• _PROVIDED ENTRIES_:
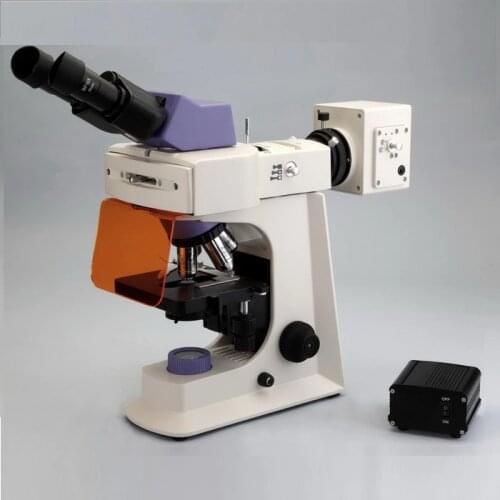 Modern design Trinocular LED fluorescence Microscope EUM-2000FLED with LED fluorescence excitation
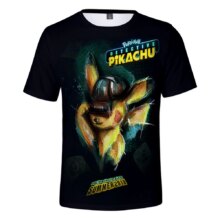 3D Detective Pikachu Short Sleeve T-Shirt 3D Detective Pikachu Short Sleeve T-Shirt
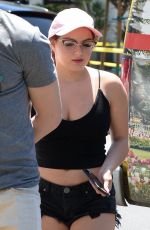 ARIEL WINTER in Shorts Arrives at a Gym in Los Angeles 05/19/2017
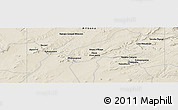 Shaded Relief Panoramic Map of the area around 35° 52' 19" N, 110° 25' 30" W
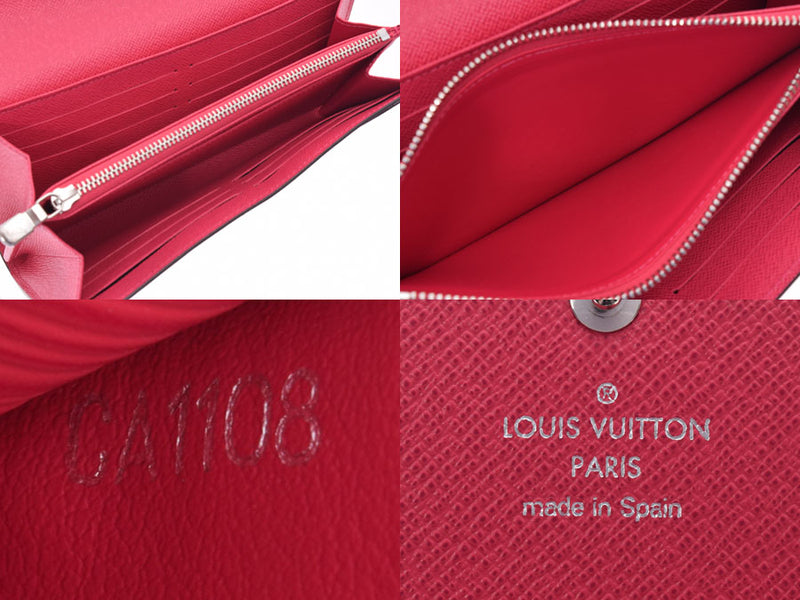 LOUIS VUITTON Louis Vuitton Epi Portofeuille Sala Freesia M62560 Ladies Epi Leather Long Wallet Shindo Used Ginzo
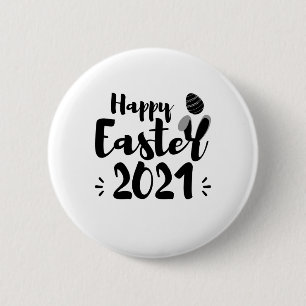 Frohe Ostern 2021 Lustiger Quarantäne-Ostertag 202 Button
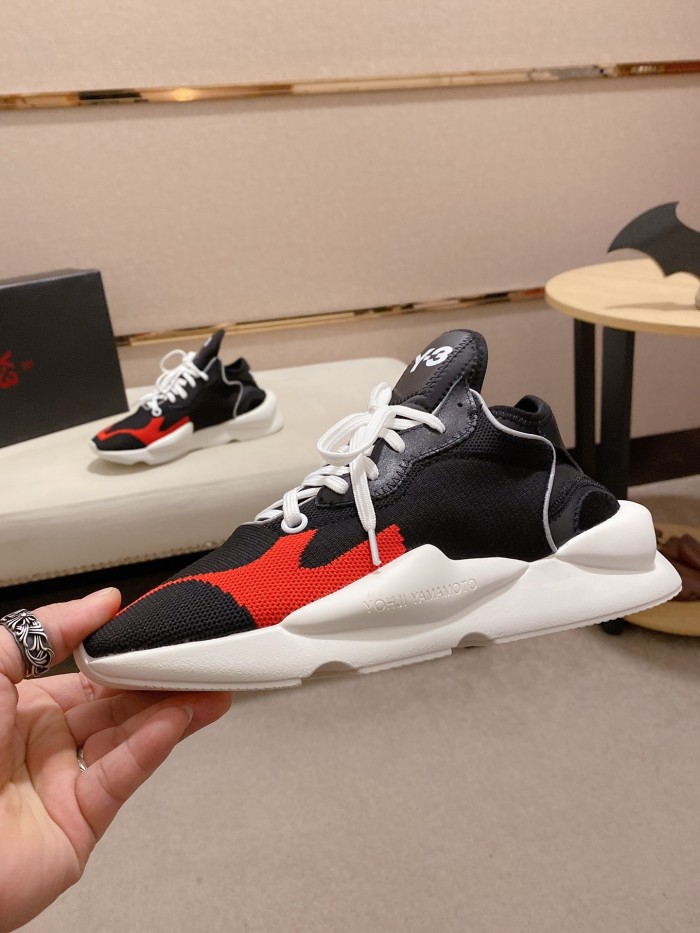 Y-3 Kaiwa Lace-Up Sneakers 13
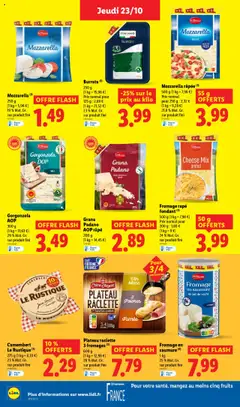 LIDL - Prévisualisation de Fromage rapé fondant, 500 g, 24% Mat. Gr. sur produit fini valide à partir de 23.10.2025 | Page: 14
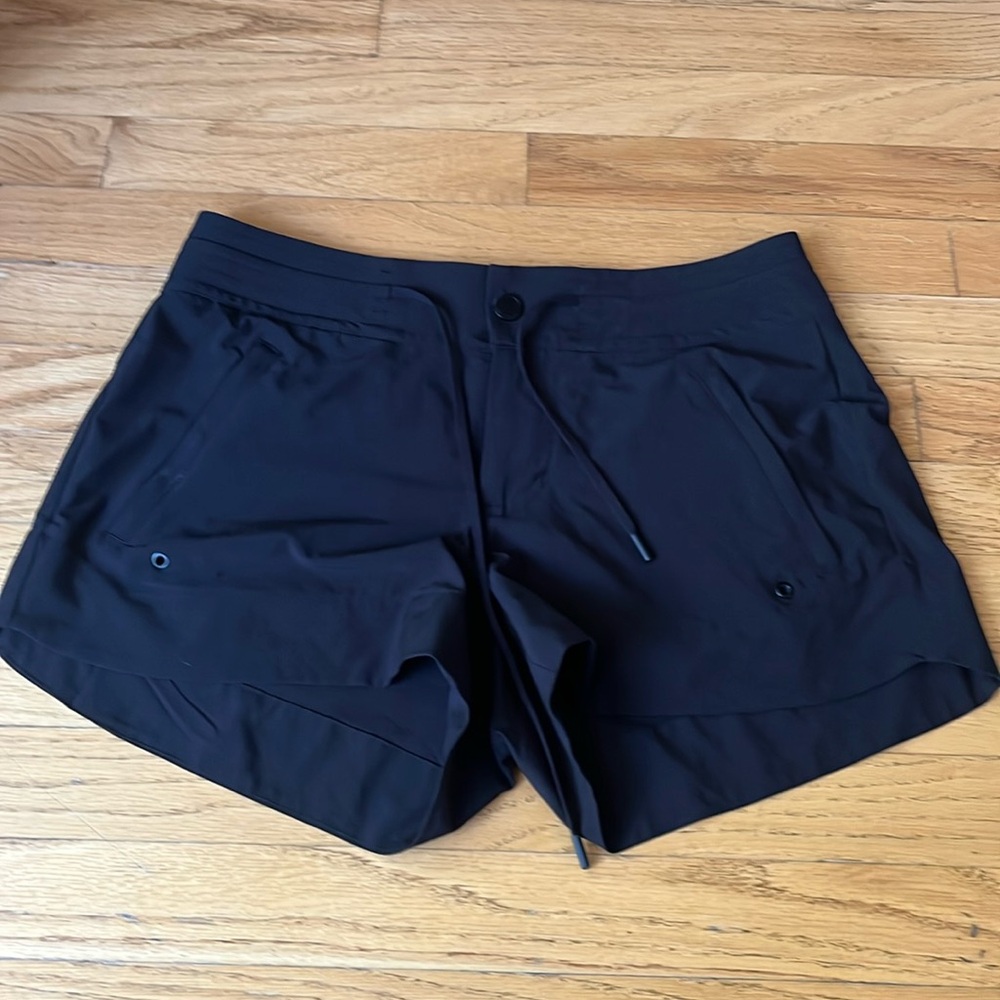 Black athletic shorts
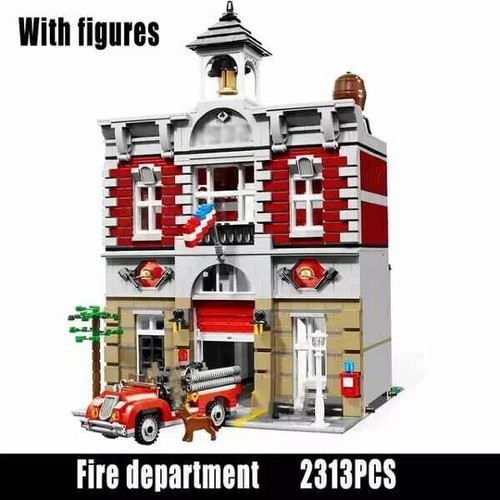 Moc fire brigade - moc, set
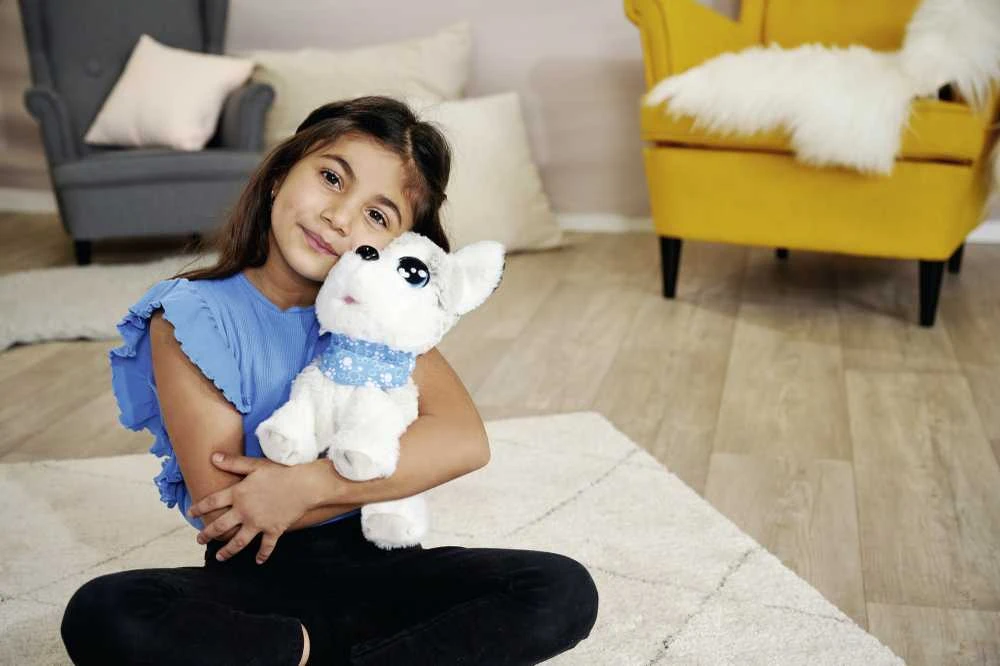 Simba Minkštas pliušinis interaktyvus husky šuo Chi Chi Love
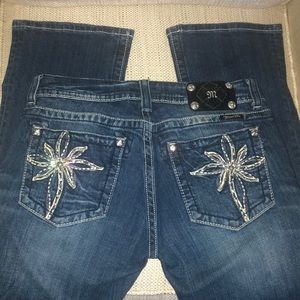 UNIQUE Miss Me Boot Cut Jeans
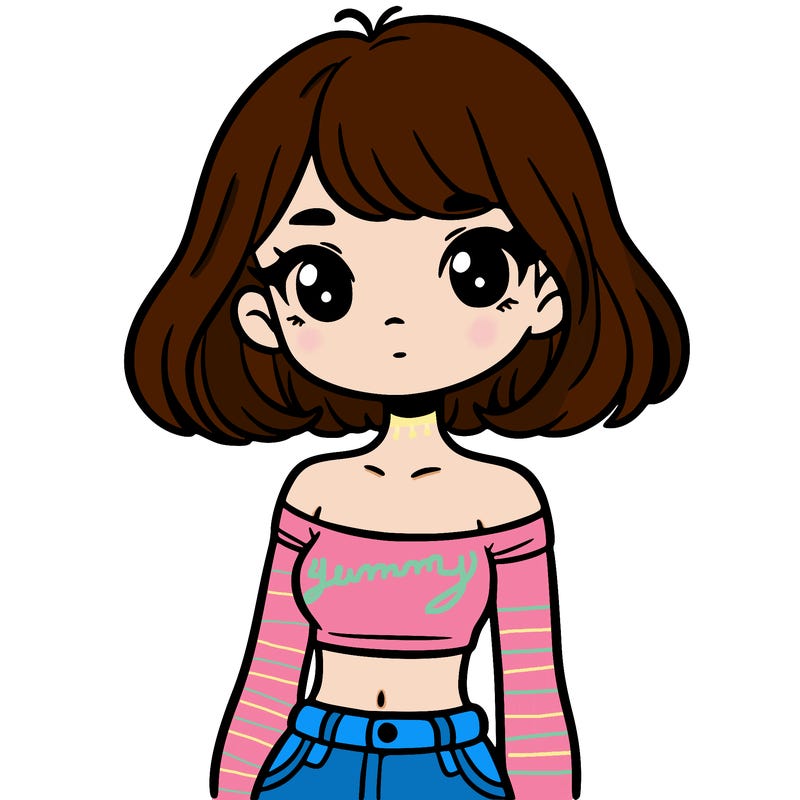 girl in a cute crop top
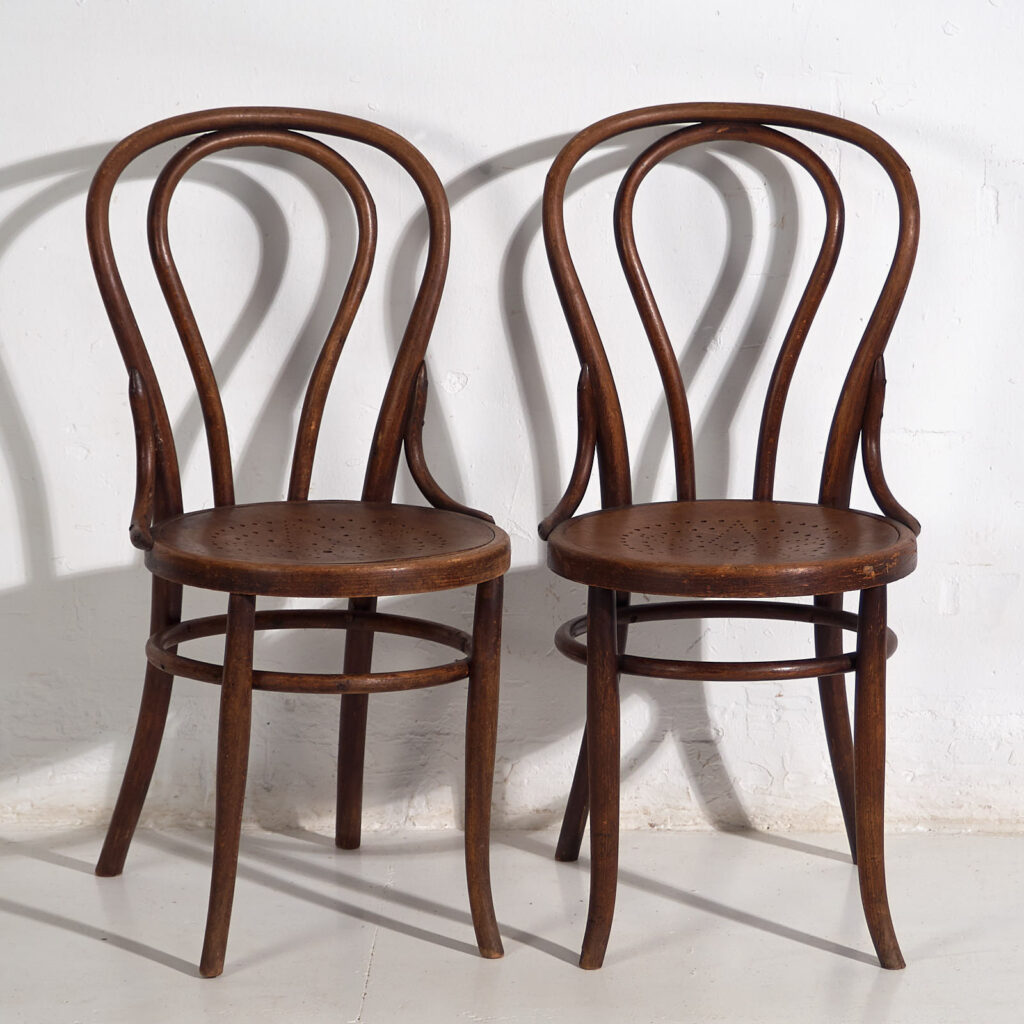 Pareja de sillas vienesas antiguas (c.1920). Conjunto de 2 piezas #2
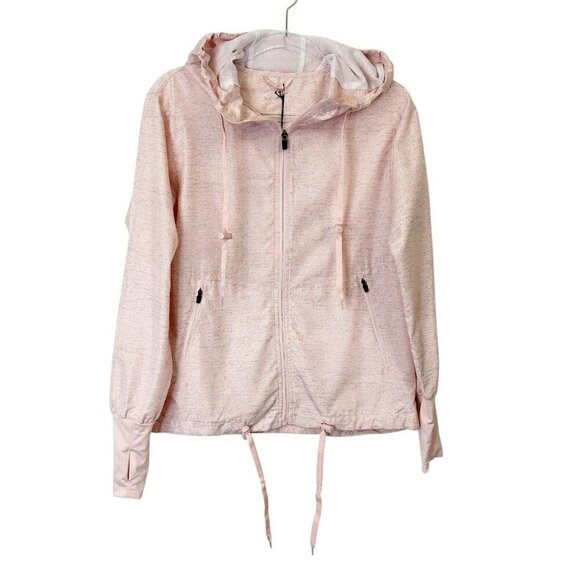 NEW Zyia Pink Bomber Jacket Womens Size Small Hooded Windbreaker - Picture 1 of 10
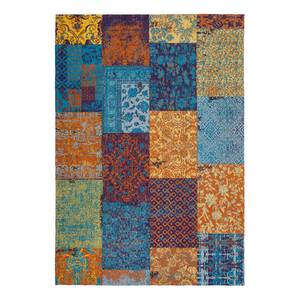 Kurzflorteppich Symphony Textil - Orange / Blaugrau - Orange / Blaugrau - 160 x 230 cm
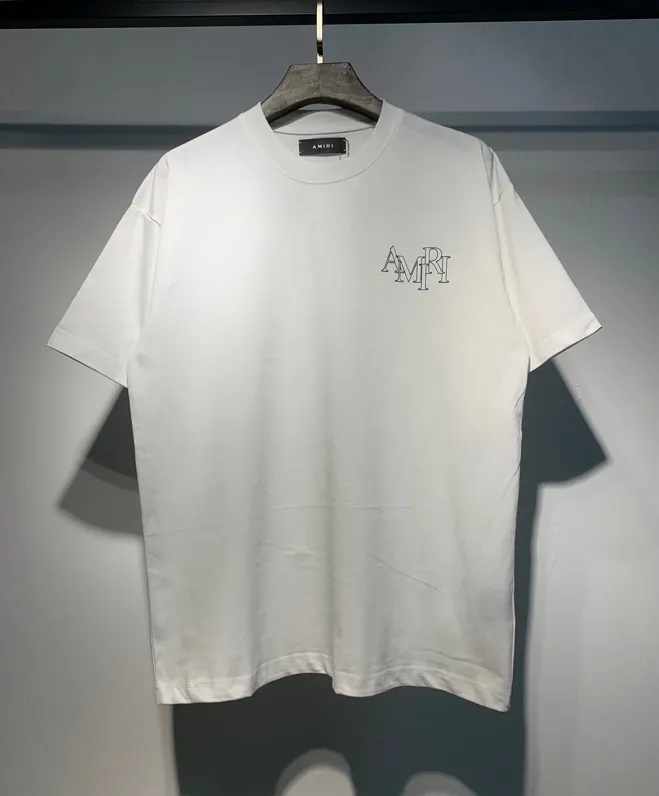 677 P120 AMIRI real shot black white hanging shot S. M. L. XL
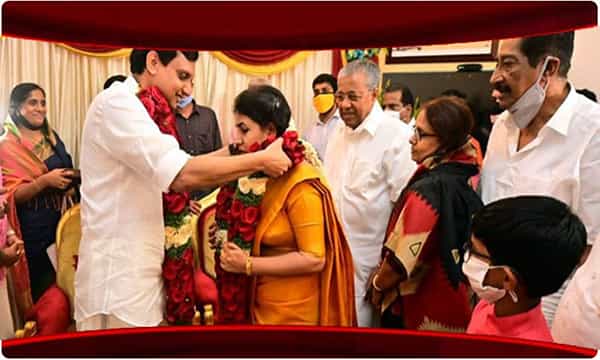 కరోనా ఎఫెక్ట్ః సాదాసీదాగా సీఎం కుమార్తె వివాహం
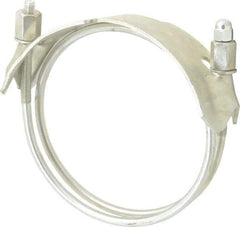 Kuriyama of America - 5" Hose, Spiral Double Bolt Hose Clamp - Plated Steel - Exact Industrial Supply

• _TO DO_: The copy should run from the first line of the material above through the line with "NEW Zyia Pink", repeated exactly and without pictures.

• _RESPONSE TO THIS TASK_:
 Modern design Trinocular LED fluorescence Microscope EUM-2000FLED with LED fluorescence excitation
 3D Detective Pikachu Short Sleeve T-Shirt 3D Detective Pikachu Short Sleeve T-Shirt
 ARIEL WINTER in Shorts Arrives at a Gym in Los Angeles 05/19/2017
 Shaded Relief Panoramic Map of the area around 35° 52' 19" N, 110° 25' 30" W
 LOUIS VUITTON Louis Vuitton Epi Portofeuille Sala Freesia M62560 Ladies Epi Leather Long Wallet Shindo Used Ginzo
 Frohe Ostern 2021 Lustiger Quarantäne-Ostertag 202 Button
 Y-3 Kaiwa Lace-Up Sneakers 13
 LIDL - Prévisualisation de Fromage rapé fondant, 500 g, 24% Mat. Gr. sur produit fini valide à partir de 23.10.2025 | Page: 14
 Black athletic shorts
 Moc fire brigade - moc, set
 Simba Minkštas pliušinis interaktyvus husky šuo Chi Chi Love
 UNIQUE Miss Me Boot Cut Jeans
 girl in a cute crop top
 Pareja de sillas vienesas antiguas (c.1920). Conjunto de 2 piezas #2
 NEW Zyia Pink Bomber Jacket Womens Size Small Hooded Windbreaker - Picture 1 of 10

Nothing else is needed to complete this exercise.